Problem details: Starting at the line that contains "Блок управления отопителем", copy every line through the end of the listing below exactly, and copy nothing else.

Data for processing:
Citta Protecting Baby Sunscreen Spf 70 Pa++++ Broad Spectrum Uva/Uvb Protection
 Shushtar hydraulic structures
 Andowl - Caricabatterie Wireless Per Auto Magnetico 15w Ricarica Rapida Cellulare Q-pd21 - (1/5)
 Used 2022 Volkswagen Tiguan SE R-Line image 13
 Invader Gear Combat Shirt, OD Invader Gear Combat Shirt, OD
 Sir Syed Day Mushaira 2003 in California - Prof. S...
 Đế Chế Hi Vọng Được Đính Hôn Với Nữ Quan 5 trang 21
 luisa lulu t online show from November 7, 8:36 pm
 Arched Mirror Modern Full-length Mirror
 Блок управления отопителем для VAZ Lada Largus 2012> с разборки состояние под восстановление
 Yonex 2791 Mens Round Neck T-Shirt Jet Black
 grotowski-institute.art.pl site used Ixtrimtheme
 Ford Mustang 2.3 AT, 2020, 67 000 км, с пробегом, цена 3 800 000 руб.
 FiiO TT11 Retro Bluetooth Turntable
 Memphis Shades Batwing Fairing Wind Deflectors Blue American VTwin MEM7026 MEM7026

Solution to this task:
 Блок управления отопителем для VAZ Lada Largus 2012> с разборки состояние под восстановление
 Yonex 2791 Mens Round Neck T-Shirt Jet Black
 grotowski-institute.art.pl site used Ixtrimtheme
 Ford Mustang 2.3 AT, 2020, 67 000 км, с пробегом, цена 3 800 000 руб.
 FiiO TT11 Retro Bluetooth Turntable
 Memphis Shades Batwing Fairing Wind Deflectors Blue American VTwin MEM7026 MEM7026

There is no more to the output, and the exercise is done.